Photocatalytic degradation of pollutants is one of the most promising strategies for addressing environmental issues associated with wastewater from textile and other dyeing industries. Graphitic carbon nitride (g-C₃N₄) has emerged as a prospective visible-light photocatalyst in this field due to its various advantages. However, pristine g-C₃N₄ often exhibits limited activity. To enhance the performance of g-C₃N₄, alkali metal ion doped g-C₃N₄ was prepared using a simple one-step thermopolymerization method. Characterization and analysis of the samples revealed that the obtained doped photocatalysts exhibited enhanced visible-light photocatalytic degradation activity. This is attributed to the reduction in grain size, which provides more active sites, extended visible-light absorption, a reduced bandgap, and more efficient electron transfer.

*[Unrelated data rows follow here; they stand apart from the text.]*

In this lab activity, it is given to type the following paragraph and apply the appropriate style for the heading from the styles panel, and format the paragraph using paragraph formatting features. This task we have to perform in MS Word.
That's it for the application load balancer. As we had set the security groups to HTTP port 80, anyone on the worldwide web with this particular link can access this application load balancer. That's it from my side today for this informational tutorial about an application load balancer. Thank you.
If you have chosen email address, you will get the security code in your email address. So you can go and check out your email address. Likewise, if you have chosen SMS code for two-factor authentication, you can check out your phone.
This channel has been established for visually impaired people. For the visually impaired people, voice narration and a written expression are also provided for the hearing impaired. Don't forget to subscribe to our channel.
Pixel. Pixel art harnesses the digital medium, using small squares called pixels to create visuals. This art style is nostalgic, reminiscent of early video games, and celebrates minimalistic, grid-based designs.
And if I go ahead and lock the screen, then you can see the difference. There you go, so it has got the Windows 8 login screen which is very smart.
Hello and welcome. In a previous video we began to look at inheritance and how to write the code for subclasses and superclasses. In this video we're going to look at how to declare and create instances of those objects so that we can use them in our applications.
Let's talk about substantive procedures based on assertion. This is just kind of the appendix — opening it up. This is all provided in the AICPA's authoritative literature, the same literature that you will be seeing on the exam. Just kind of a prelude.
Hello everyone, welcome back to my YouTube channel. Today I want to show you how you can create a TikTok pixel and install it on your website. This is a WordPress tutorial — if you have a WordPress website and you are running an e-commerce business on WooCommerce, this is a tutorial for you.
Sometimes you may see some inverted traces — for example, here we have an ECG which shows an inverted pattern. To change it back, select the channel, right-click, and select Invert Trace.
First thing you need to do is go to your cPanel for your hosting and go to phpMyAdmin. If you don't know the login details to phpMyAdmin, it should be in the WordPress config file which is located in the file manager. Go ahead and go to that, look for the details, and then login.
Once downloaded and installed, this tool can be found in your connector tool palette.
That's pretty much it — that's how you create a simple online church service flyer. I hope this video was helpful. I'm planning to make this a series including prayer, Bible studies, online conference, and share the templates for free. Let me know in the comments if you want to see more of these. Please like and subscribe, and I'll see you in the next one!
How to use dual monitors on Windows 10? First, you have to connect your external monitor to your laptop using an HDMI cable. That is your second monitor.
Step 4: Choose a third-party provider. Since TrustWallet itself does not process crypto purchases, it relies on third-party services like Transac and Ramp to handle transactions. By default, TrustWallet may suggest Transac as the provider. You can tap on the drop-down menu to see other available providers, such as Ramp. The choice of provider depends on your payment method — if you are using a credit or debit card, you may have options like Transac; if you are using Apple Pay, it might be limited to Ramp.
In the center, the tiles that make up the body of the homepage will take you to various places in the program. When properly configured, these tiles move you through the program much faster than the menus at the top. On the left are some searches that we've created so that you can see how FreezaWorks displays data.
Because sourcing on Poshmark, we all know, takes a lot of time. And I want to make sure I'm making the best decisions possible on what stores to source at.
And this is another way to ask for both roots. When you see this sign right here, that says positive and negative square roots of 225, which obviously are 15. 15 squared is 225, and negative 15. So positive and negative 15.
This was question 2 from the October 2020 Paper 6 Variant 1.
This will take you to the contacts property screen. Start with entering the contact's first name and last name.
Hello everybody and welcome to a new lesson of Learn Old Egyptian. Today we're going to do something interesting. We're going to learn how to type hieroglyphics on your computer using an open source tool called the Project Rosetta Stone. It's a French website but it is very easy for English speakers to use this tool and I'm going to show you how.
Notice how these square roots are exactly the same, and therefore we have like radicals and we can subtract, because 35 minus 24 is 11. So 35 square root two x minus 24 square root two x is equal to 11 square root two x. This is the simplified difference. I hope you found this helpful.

Notably, due to the optimal adjustment of the microstructure and electronic structure, K⁺ doped g-C₃N₄ demonstrated the highest photocatalytic performance with a degradation rate of 89.1%, significantly surpassing the efficiency of pristine g-C₃N₄ (72%). These results demonstrated that the approach of incorporating alkali metal ions into g-C₃N₄ has the potential for facilitating high-performance photodegradation for organic pollutant removal.